Not having the right data to analyze and prevent future incidents
What happened? And what happened just before? Any pictures? Log files?
Lack of content, data and surrounding knowledge about the situation can make it harder to analyse and find a solution to prevent the same thing from happening again. To help facilitate the reporting, you can make clear, accessible work instructions along with a form that collects the required amount of data.
Incident reporting is too difficult
Make sure that everyone knows that you have a reporting tool – and where to look for it. Ensure that everyone has access to it and make it crystal clear what kind of information is needed for the report or you won’t get the whole picture of the incident.
When reporting is an uphill battle, there is a high risk that it will not be done.

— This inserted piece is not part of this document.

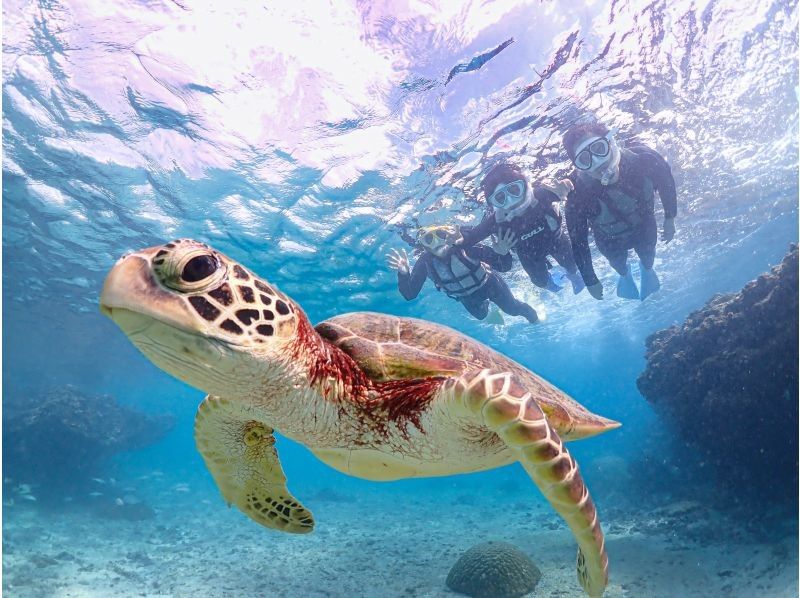 [Miyakojima | Sea turtle encounter rate is almost 100%] Small-group snorkeling tour for beginners | / Safe even in winter / Same-day reservations available / Free high-resolution dataの紹介画像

To address such data challenges you should design your incident management system around the 5 best practices described below.
5 incident management best practices
Whether you are a small business or a large corporation, an incident management system will help you increase productivity and strengthen operations. Here are a few bullets on how incident management software can help you.
#1 Ensure correct reporting of incidents
First step is to report the incident. Without that nothing else matters. It will be a help for you to have uniform templates and make your report in a digital process platform all employees have access to – and knowledge about.
When you work with reporting in an incident management system, you can document to stakeholders and partners, what has happened.
When you do incident reporting in a digital process platform like Gluu, all instructions and reports are stored in one place. You will no longer spend time finding incident reports in different software systems or departments in the company. In this way Gluu makes it easier to store all work instructions and reporting in one place.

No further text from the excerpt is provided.